## Exercise
Each line of data below must be printed exactly as written, with any pictures removed.

(Beginning of Exercise data)

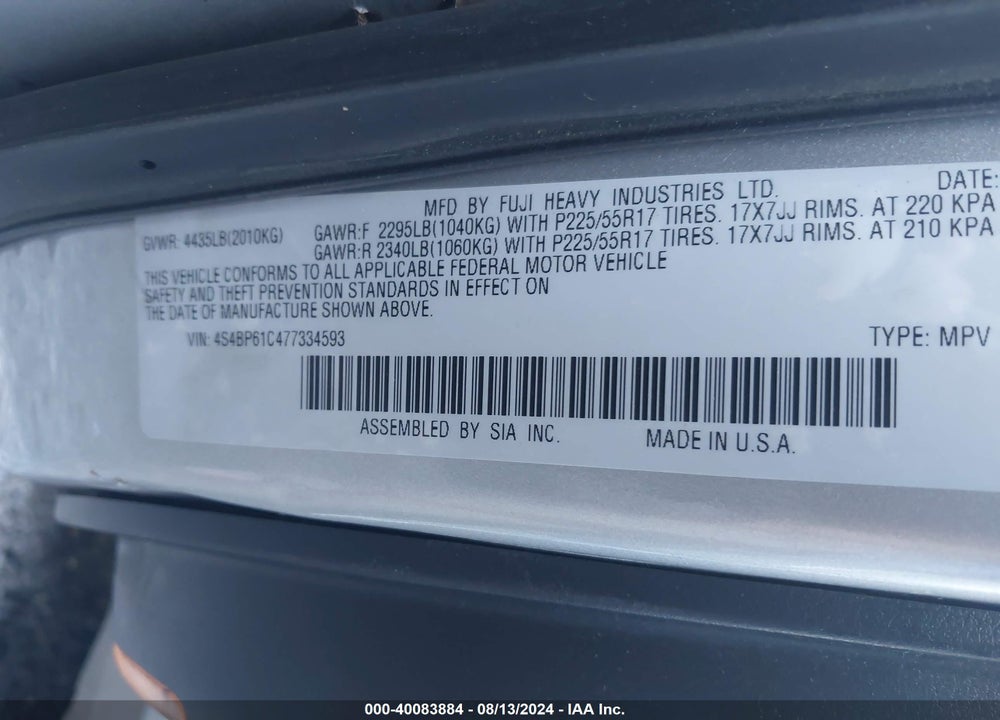 2007 SUBARU OUTBACK VIN: 4S4BP61C477334593
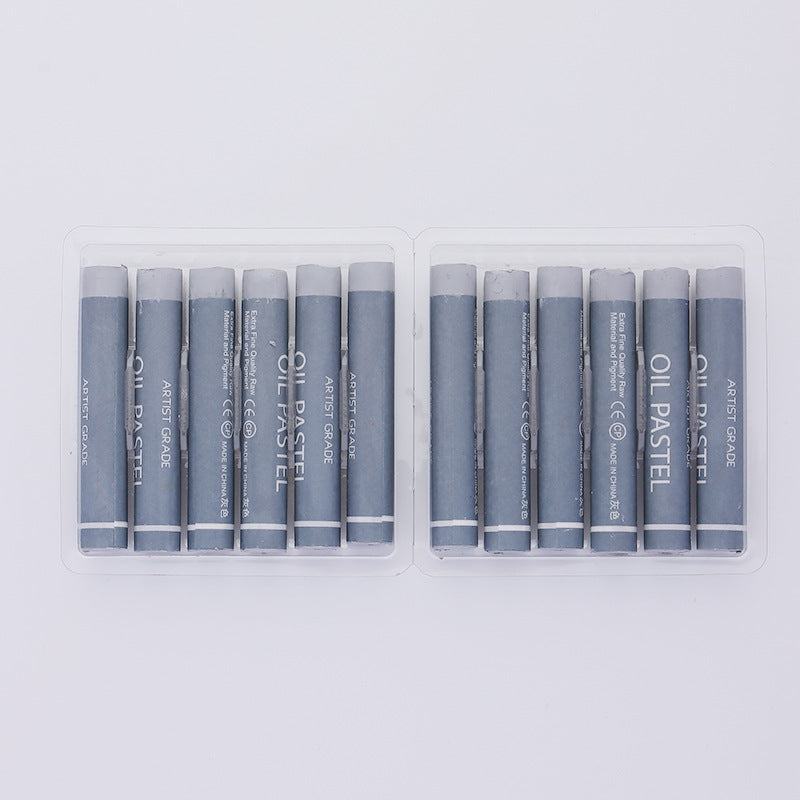 Factory wholesale art supplies soft color supplement heavy color oil painting stick kindergarten painting graffiti crayon colorful stick 12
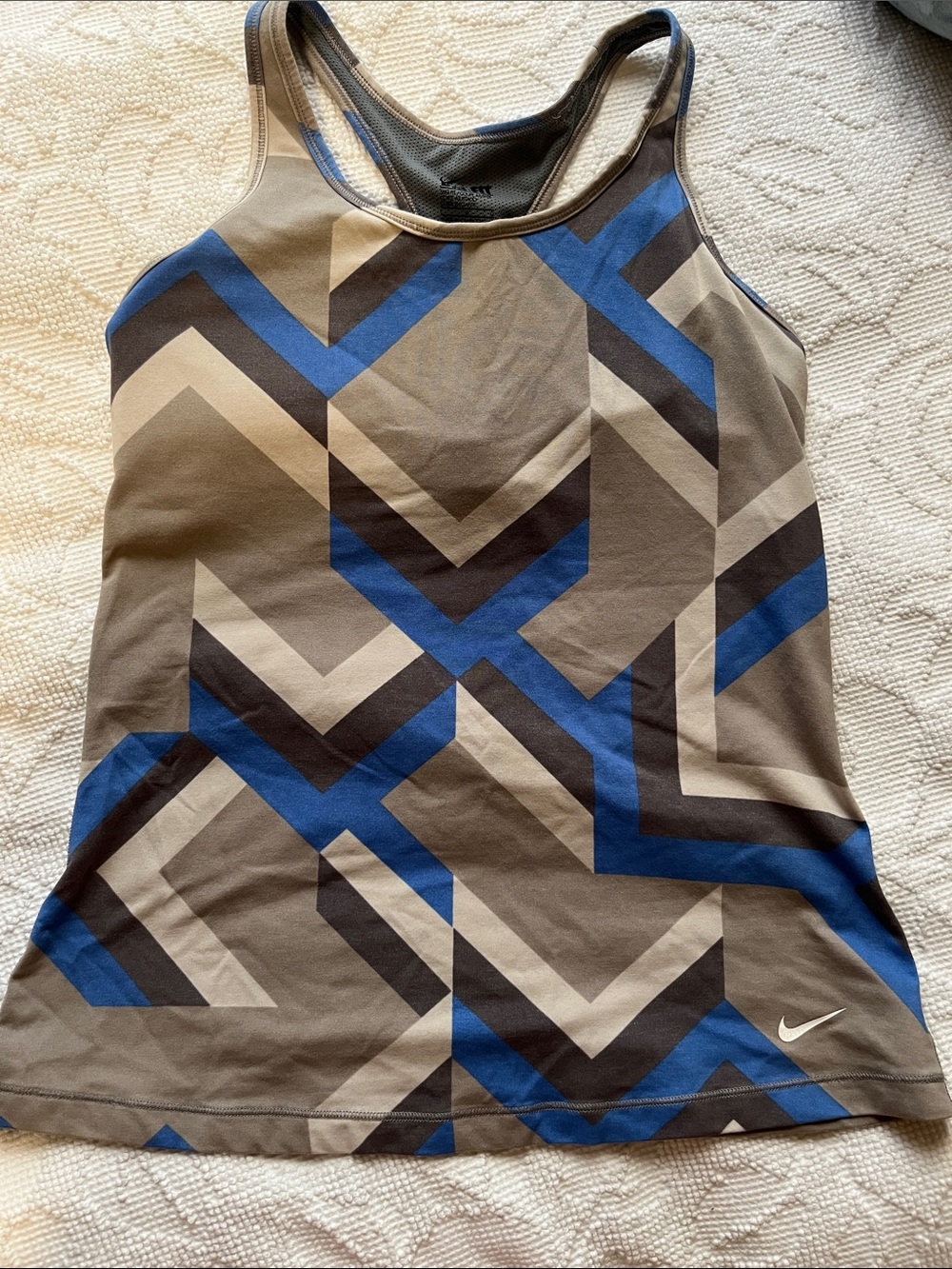 Nike Women's Geometric Racerback Tank Top - Blue & Brown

(End of Exercise data)

## Answer section
 2007 SUBARU OUTBACK VIN: 4S4BP61C477334593
 Factory wholesale art supplies soft color supplement heavy color oil painting stick kindergarten painting graffiti crayon colorful stick 12
 Nike Women's Geometric Racerback Tank Top - Blue & Brown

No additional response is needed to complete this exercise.